In March 2010, I loaned my ex-boyfriend $4,000 so he could buy a car and move across the country to Los Angeles. Part of the reason he was driving to Los Angeles in the new car was to get away from me, and to make sure that we wouldn’t keep sticking back together like an exasperating roll of packing tape.
Giving him $4,000 wasn’t a problem: I had a fund earmarked for retirement that my grandmother had been helping me stock, and he was taking a lucrative job at a mega telecom and would soon be able to pay it back. And he was, in many ways, family, someone I’d spent six years with on and off, who had seen me at various points sick and vomiting and bloody. He was some weird postmodern combination of brother, friend, and Rhett Butler; we had been partners in a journey across states, and jobs, and illness, and religious crises, and achieved and aborted academic degrees. As with family, my money was his money and his was mine, and so I withdrew 200 twenties from my bank account and deposited them into his.

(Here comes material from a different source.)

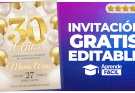 Como hacer Invitación Animada de 30 años en canva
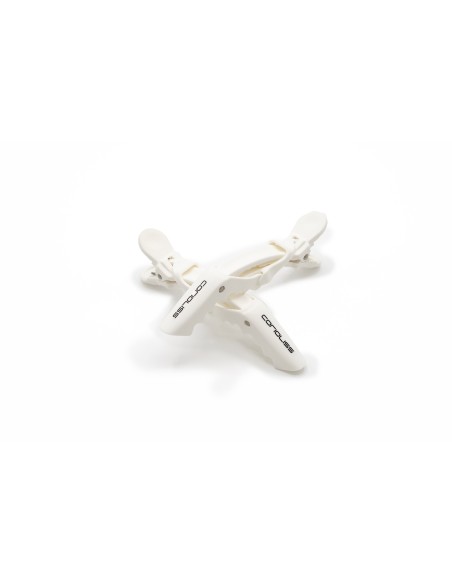 Kopče Corioliss Croc Hair Clips White | Službena trgovina Corioliss®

A few weeks before I felt those bills in my hand, I met another man at a party. His name was Chris. “I want to take you to dinner,” Chris said, sincerely, drunkenly, repeatedly. “You can,” I said, and he did.
After the loan, and maybe five dates with Chris, my ex-boyfriend asked me to drive with him to Los Angeles in the new car. It was a life-changing move, literally and mentally, he explained, and though his brother would meet him in Denver for the second leg, he needed company for the first.

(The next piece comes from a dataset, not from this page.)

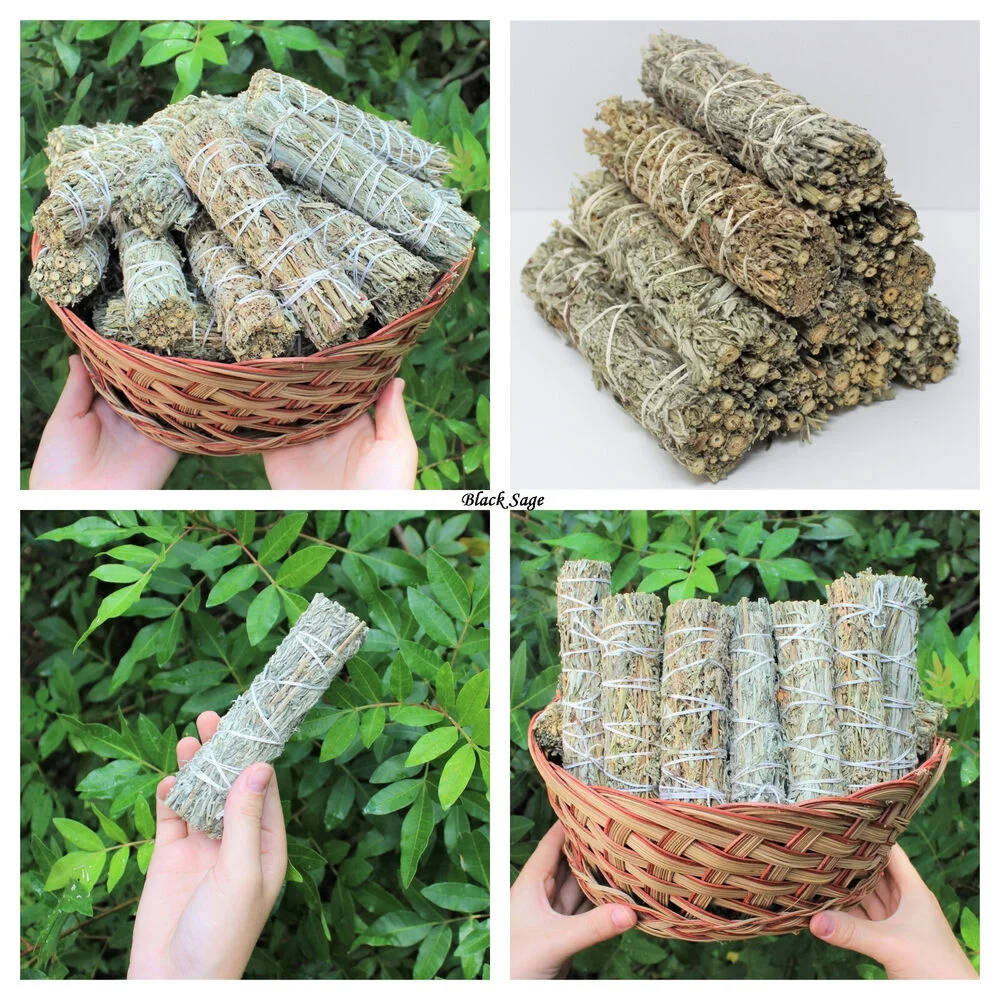 WHOLESALE Sage Smudge Bundles: Black, Blue, Cedar, Copal, Desert, White, Yerba!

“I’m driving to Denver,” I told Chris, who had sensed that there was an ex somewhere in the far background of the picture. “With the guy?” he said. “With the guy,” I said. “And then it’s over?” he said. “And then it’s over,” I said. I didn’t tell him I had paid for a third of the car.
The car was a Saab, and it was nice—silver, fairly new, with a cockpit-like dashboard and upgraded sound system. We attached a U-Haul in Washington D.C., passed through Pennsylvania where we photographed ourselves at roadside Amish cheese boutiques, spent the night at a deserted Econo Lodge, and entered Kansas with its thin, hopeful-looking windmills. In that car, through Americana and the heartland, we were the way we always were when we were breaking or broken up: full of humor, and flirtation, and sass, making and breaking vaporous plans—California! Los Angeles!—all with a romantic edge of deeply painful regret. We finally parked the car in the open-air parking lot of the Denver airport, and sat listening to the radio as the mountains rose improbably from the surrounding flatness like the set of a fantasy novel, or an overwrought television drama.

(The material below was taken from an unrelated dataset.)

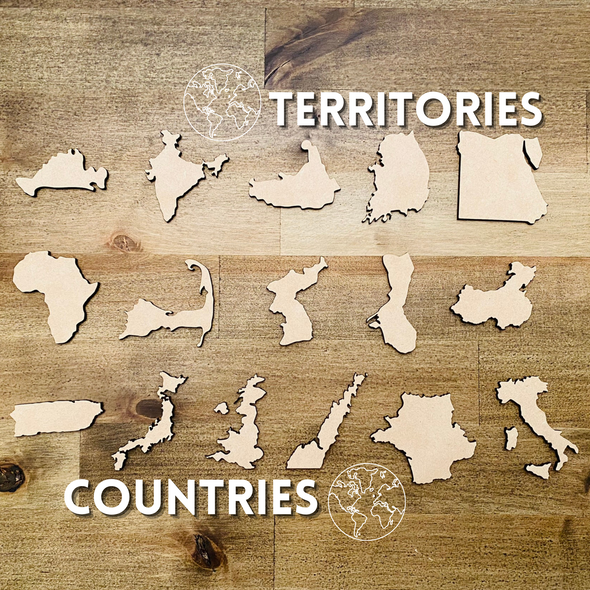 Counties and Territories Craft Cutouts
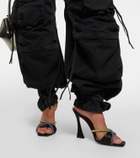 D'Accori Lust embellished satin mules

We finally parked the car in the open-air parking lot of the Denver airport, and sat listening to the radio as the mountains rose improbably from the surrounding flatness like the set of a fantasy novel.
Since that drive, I’ve rarely talked to my ex-boyfriend. I’ve been negotiating among the fact that we were family, and the fact that we weren’t, and the fact that Chris and I are a new kind of family that is immediate, real, and probably permanent, but with a history that is still in many ways more shallow than what my ex and I have. But there’s also still the matter of the money. In one of our few phone calls, we had the kind of argument we sometimes used to have, where one or both of us becomes unreasonable, and I asked about the money. “If you’re going to be like that,” he said, “I’m not paying you back.”
This is why we broke up, I thought. That sudden serrated edge, the shake of the camera lens. How could he not feel the burning need to get rid of this debt as soon as possible? How could he not understand that though my money was his and his was mine, the debt remained outstanding? Or was that ridiculous. My money was still his, and his was mine.
Shortly afterward I told Chris that I had lent my ex-boyfriend $4,000. You idiot, said his face. “Good luck,” he said aloud. “You’ll never see that money again.”
“Yes, I will,” I said.
Very recently my ex and I had another conversation, one that went very well, very reasonably. He told me he’d been promoted even farther into the ranks of upper management at his multinational enterprise—something that didn’t surprise me since he had found the exact arena in which his charm, ambition, and savvy could massively succeed. With the promotion came a raise, I assumed, and in the middle of the call, I blurted out, “Where’s my money?”
“Oh, that?” he said, with maddening ease. He had been sending money to his mother, he said, but he could send her less and instead begin sending the difference to me either by check or direct deposit. All I had to do was tell him my preference.
I didn’t need the money back right this minute, I told him. But I want it. I want the debt to be over. I don’t want this thread of obligation, this sticky residue. And I wanted to prove Chris wrong, and anyone else wrong, to prove that I was right to hand the money over in the first place, that I would be right if I ever had to do it again. I sent him my bank account information. It’s been a week. I have no doubt that the money will begin to appear soon.